Why do the new vaccines still contain mRNA targeting the ancestral strain, which is long gone?

It isn’t entirely clear. Hana El Sahly, a vaccine development expert at Baylor College of Medicine, says she can’t see a biological reason to include both versions of spike. In Pfizer’s mouse experiments, an Omicron-only vaccine triggered slightly higher antibody responses against Omicron viruses than a bivalent vaccine did. But the limited human data available show no significant difference between the two formulations. However, Angela Branche of the University of Rochester Medical Center, who leads a study comparing multiple strain-specific vaccines, notes that the next variant to emerge might be more closely related to the ancestral strain than to Omicron, so the bivalent formula could be a useful hedge.

Will the strain-specific mRNA lead to better protection?

That’s hard to predict. It depends in part on how much BA.4 and BA.5 are still circulating by the time the shots are delivered and how closely the next dominant strain matches them. It also depends on how many people have immunity from a recent infection.

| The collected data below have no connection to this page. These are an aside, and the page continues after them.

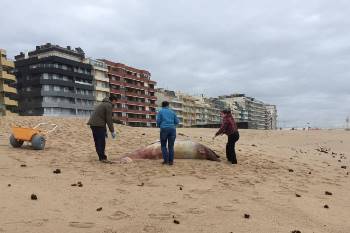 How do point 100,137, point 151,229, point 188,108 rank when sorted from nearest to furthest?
point 151,229, point 100,137, point 188,108

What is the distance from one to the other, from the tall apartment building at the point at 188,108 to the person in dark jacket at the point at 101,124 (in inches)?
5082

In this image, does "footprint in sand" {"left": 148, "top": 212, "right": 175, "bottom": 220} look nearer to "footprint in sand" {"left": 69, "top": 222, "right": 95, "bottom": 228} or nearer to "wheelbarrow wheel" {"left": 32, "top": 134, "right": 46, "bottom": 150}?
"footprint in sand" {"left": 69, "top": 222, "right": 95, "bottom": 228}

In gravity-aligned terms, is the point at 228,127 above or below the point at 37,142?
above

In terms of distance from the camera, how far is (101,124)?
11742 millimetres

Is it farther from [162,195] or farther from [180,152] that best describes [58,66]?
[162,195]

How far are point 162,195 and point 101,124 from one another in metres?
4.23

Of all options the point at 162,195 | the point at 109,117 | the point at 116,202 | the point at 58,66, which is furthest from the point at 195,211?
the point at 58,66

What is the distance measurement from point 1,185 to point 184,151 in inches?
249

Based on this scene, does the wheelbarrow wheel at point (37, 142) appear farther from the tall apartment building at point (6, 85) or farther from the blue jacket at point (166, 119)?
the tall apartment building at point (6, 85)

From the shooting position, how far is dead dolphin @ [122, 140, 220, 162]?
1281 cm

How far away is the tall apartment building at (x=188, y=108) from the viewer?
14900 centimetres

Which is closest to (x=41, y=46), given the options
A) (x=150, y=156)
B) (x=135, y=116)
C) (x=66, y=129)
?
(x=135, y=116)

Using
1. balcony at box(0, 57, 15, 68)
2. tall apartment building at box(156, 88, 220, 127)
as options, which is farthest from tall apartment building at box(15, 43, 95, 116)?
tall apartment building at box(156, 88, 220, 127)

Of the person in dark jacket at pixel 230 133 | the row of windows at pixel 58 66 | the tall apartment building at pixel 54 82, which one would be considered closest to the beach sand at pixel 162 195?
the person in dark jacket at pixel 230 133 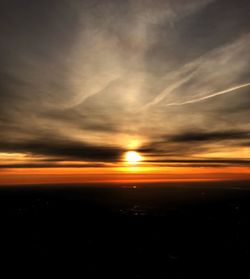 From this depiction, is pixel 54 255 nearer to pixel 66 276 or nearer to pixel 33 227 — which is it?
Result: pixel 66 276

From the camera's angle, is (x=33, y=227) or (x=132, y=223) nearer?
(x=33, y=227)

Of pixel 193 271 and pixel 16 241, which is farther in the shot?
pixel 16 241

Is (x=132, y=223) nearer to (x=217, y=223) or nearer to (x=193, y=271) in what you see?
(x=217, y=223)

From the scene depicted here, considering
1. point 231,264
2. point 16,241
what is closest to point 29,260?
point 16,241

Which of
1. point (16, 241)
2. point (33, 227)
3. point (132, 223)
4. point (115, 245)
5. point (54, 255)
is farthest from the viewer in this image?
point (132, 223)

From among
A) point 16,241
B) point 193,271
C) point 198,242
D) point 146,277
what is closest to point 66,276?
point 146,277

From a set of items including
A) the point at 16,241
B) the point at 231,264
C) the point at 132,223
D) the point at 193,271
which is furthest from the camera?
the point at 132,223

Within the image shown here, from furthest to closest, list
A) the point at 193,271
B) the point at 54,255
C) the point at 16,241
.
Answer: the point at 16,241 < the point at 54,255 < the point at 193,271

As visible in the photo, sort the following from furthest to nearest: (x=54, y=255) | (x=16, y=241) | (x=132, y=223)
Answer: (x=132, y=223)
(x=16, y=241)
(x=54, y=255)
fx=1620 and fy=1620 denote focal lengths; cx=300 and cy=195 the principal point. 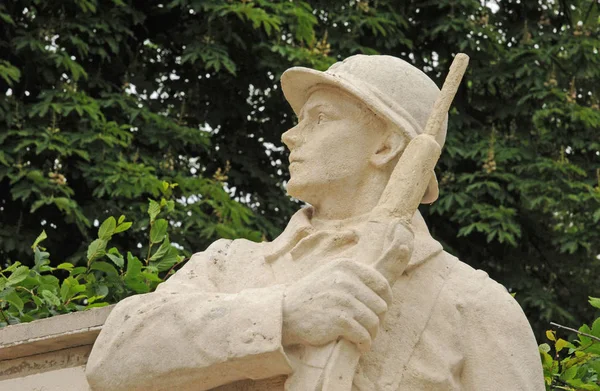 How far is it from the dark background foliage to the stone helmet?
616cm

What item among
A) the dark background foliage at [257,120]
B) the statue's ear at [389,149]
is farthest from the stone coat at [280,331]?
the dark background foliage at [257,120]

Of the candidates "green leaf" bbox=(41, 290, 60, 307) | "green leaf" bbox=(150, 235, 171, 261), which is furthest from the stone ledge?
"green leaf" bbox=(150, 235, 171, 261)

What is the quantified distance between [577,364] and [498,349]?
1896 millimetres

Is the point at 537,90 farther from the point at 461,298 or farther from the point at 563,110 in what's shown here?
the point at 461,298

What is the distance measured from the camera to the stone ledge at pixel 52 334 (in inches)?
237

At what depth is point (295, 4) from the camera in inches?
561

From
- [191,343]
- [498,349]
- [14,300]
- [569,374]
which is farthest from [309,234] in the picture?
[569,374]

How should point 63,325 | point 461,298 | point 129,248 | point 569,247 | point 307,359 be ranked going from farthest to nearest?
point 569,247 < point 129,248 < point 63,325 < point 461,298 < point 307,359

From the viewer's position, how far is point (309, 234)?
5.88 m

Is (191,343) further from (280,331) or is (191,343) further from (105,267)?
(105,267)

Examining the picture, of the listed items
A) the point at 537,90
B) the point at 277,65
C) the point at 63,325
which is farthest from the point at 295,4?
the point at 63,325

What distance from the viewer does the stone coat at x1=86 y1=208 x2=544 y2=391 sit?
5.41 meters

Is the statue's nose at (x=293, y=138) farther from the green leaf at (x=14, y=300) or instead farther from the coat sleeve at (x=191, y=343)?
the green leaf at (x=14, y=300)

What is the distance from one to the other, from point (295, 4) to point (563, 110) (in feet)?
8.39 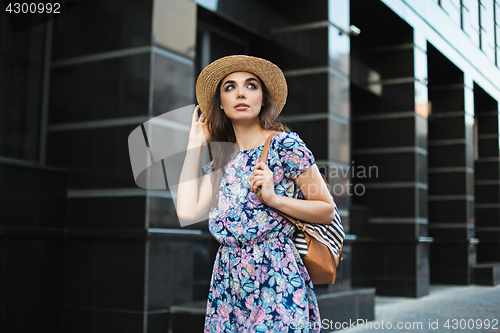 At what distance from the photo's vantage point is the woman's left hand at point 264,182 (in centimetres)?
229

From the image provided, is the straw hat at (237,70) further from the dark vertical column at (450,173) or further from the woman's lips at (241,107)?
the dark vertical column at (450,173)

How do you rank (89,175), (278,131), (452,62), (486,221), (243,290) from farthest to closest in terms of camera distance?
1. (486,221)
2. (452,62)
3. (89,175)
4. (278,131)
5. (243,290)

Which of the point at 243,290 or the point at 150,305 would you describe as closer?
the point at 243,290

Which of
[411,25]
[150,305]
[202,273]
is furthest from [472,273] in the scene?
[150,305]

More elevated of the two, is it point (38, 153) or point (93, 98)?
point (93, 98)

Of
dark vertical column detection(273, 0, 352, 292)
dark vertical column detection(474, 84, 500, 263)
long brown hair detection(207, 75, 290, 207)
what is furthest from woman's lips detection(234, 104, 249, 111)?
dark vertical column detection(474, 84, 500, 263)

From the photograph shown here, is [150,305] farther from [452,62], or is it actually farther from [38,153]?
[452,62]

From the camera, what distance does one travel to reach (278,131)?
8.41ft

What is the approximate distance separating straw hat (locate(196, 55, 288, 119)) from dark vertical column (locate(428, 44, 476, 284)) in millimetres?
12978

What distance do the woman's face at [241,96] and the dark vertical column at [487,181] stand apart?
17835 millimetres

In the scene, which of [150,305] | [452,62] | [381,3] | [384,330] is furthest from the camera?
[452,62]

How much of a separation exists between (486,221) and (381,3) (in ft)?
37.9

In a preprint posted on medRxiv on 26 August, Cromer and colleagues attempt to calculate the possible impact of strain-specific vaccines. They combined data from eight clinical trial reports that compared vaccines based on the original spike protein with formulations targeted to the Beta, Delta, and Omicron BA.1 strains. The studies all measured the ability of recipients’ serum to neutralize virus variants in the lab.

They found that the biggest effect came from administering any booster: On average, an additional dose of a vaccine coding for the ancestral virus’ spike protein resulted in an 11-fold increase in neutralizing antibodies against all variants. But strain-specific vaccines improved things slightly. Recipients of updated vaccines had, on average, antibody levels 1.5 times higher than those who received an ancestral strain vaccine. Even if the vaccine didn’t exactly match the viral strain, there was still some benefit.

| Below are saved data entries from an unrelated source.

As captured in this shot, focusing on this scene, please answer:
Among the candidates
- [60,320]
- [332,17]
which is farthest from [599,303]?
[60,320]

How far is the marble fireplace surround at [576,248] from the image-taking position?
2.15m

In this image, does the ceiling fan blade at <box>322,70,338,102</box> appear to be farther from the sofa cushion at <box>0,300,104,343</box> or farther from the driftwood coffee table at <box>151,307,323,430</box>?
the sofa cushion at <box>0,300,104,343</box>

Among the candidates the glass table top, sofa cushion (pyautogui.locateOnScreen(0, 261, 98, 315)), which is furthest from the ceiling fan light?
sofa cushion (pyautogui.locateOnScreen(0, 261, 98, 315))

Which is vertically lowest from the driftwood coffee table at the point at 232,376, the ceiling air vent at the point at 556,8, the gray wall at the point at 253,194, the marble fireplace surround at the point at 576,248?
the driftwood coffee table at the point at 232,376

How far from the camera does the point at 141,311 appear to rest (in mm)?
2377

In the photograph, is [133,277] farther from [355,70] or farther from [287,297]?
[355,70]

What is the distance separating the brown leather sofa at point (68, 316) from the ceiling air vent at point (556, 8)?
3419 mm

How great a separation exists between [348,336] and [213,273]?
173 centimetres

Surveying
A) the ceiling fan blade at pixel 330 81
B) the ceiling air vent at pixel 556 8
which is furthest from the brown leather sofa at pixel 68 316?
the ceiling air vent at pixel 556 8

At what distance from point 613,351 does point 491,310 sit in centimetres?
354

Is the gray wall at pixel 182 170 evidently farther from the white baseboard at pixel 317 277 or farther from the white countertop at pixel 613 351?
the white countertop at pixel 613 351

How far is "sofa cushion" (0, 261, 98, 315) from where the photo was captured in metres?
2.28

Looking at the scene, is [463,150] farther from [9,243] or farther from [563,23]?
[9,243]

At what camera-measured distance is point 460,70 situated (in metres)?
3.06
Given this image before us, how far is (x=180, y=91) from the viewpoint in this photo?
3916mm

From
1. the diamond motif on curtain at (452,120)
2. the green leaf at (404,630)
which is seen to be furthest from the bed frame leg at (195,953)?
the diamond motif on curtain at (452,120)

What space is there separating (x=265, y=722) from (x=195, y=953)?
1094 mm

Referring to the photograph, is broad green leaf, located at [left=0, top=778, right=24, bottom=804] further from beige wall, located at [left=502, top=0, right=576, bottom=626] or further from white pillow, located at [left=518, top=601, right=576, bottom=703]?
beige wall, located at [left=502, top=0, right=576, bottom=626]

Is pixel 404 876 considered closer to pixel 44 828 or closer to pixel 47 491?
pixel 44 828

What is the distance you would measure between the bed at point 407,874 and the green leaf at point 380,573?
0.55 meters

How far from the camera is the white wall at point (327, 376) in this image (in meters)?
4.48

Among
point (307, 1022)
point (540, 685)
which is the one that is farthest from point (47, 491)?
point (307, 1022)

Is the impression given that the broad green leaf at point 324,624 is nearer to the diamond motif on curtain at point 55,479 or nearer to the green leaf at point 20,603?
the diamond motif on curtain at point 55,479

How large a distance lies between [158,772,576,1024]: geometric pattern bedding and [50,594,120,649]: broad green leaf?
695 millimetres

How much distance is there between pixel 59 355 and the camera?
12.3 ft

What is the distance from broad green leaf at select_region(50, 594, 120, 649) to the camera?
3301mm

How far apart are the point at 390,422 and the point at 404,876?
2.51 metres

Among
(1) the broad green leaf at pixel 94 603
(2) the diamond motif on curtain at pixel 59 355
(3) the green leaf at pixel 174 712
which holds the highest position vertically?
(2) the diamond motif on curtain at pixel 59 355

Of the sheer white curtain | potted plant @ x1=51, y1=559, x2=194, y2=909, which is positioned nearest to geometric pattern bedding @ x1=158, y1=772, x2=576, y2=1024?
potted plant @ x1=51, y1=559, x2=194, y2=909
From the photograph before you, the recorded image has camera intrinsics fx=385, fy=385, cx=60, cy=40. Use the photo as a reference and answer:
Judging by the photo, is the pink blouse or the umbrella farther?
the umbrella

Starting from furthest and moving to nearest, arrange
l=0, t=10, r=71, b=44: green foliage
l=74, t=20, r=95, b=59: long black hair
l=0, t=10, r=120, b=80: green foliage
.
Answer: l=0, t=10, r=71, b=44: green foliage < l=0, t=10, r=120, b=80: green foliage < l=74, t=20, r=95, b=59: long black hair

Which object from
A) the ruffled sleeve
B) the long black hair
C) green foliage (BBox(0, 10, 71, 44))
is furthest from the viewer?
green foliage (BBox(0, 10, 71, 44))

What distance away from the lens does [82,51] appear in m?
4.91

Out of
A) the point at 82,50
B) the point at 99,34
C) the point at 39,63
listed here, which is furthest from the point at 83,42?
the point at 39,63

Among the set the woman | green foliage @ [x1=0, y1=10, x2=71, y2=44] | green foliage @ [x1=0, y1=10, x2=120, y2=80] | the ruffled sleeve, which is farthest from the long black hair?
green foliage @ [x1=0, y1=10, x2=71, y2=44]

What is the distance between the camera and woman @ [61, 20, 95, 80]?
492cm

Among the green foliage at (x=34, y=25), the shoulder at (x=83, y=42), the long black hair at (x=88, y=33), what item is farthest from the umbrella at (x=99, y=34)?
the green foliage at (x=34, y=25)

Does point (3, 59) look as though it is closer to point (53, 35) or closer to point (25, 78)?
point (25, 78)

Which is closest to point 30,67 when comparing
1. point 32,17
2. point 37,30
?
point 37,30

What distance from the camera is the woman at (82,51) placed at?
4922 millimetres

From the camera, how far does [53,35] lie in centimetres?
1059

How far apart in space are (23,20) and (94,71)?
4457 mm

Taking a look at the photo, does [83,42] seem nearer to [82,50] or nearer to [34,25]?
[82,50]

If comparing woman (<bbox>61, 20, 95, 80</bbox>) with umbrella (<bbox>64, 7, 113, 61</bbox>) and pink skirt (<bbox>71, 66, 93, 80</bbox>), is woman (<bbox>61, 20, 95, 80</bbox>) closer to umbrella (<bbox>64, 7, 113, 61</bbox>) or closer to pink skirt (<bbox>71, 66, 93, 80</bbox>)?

“A variant-modified booster will give you a better booster than an ancestral-based booster even if it’s not matched, but the most important thing is getting boosted at all,” Cromer says. “Don’t throw out all those ancestral-based boosters! They can do a good chunk of the work for you.”

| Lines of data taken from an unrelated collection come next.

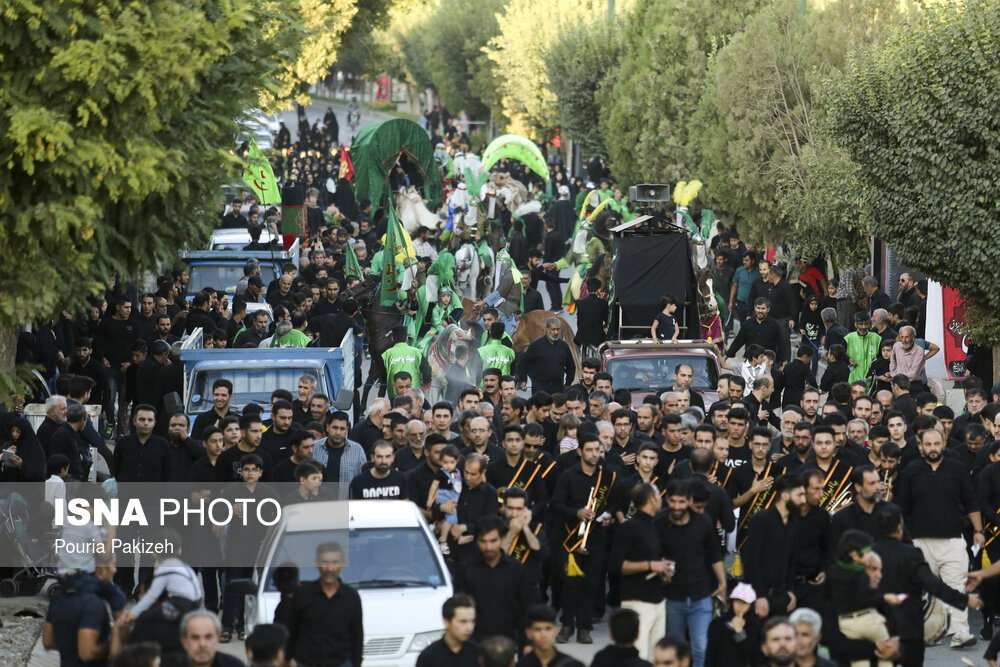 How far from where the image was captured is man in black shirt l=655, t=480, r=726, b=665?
1138 centimetres

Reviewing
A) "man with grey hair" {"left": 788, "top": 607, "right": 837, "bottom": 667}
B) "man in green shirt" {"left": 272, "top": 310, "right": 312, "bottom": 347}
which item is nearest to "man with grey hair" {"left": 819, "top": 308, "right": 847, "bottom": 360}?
"man in green shirt" {"left": 272, "top": 310, "right": 312, "bottom": 347}

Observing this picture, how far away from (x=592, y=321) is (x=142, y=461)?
10133 millimetres

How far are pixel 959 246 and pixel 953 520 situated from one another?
7.87 metres

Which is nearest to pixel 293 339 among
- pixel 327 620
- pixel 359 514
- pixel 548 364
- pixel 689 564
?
pixel 548 364

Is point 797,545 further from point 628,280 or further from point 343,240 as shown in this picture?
point 343,240

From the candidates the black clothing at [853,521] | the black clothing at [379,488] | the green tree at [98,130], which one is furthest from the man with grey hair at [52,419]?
the black clothing at [853,521]

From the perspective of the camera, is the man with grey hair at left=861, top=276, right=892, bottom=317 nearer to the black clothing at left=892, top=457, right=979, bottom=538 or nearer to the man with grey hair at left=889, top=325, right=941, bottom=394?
the man with grey hair at left=889, top=325, right=941, bottom=394

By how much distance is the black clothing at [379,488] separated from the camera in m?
13.1

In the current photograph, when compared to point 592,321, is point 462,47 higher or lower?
higher

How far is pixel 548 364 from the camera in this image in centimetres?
1981

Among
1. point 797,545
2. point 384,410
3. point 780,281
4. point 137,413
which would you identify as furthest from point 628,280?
point 797,545

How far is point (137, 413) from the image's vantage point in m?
14.5

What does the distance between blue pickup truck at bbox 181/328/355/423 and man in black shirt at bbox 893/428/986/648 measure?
590 centimetres

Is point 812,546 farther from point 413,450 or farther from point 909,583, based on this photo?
point 413,450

Strain-adapted boosters had some benefit at the population level as well, according to Cromer’s models, although much depends on the existing levels of immunity in a population. If, for example, a population already has 86% protection against severe disease, ancestral-strain boosters could increase that to 98%, and updated boosters to 98.8%. That might not sound like much, Cromer admits, “but if you have a large population and limited hospital beds it can make a difference.”

If the benefits are limited, do we really need the new boosters?

Some scientists don’t think we do. Paul Offit, a vaccine researcher at the Children’s Hospital of Philadelphia, was one of two members of FDA’s committee who voted against asking companies to make Omicron-specific boosters. Offit doesn’t dispute that the new vaccines will have some benefit but doubts it’s worth the additional resources. Current COVID-19 vaccines still prevent the most severe outcomes, Offit says, and if the goal is to stop infections, even updated vaccines will have little impact.

That’s because the incubation period for COVID-19—the time between getting infected and becoming infectious to others—is too short, he says. Unless levels of neutralizing antibodies are already high, the immune system doesn’t have time to recognize and fight off the virus in the few days between exposure and when someone sheds enough virus to infect others. Diseases such as measles or rubella have a 2-week incubation period, which means a vaccinated person’s immune memory cells can ramp up production of enough antibodies in time to prevent them from passing it on. That’s why measles and rubella vaccines can halt the spread of those diseases, Offit says, whereas in the case of COVID-19, “even if 100% of the population were vaccinated and the virus hadn’t evolved at all, vaccines would do very little to stop transmission.”

Even so, Branche says, the broadened immunity that updated vaccines may confer would pay off if new variants emerge. “We need to cover as much of the map as possible,” she says.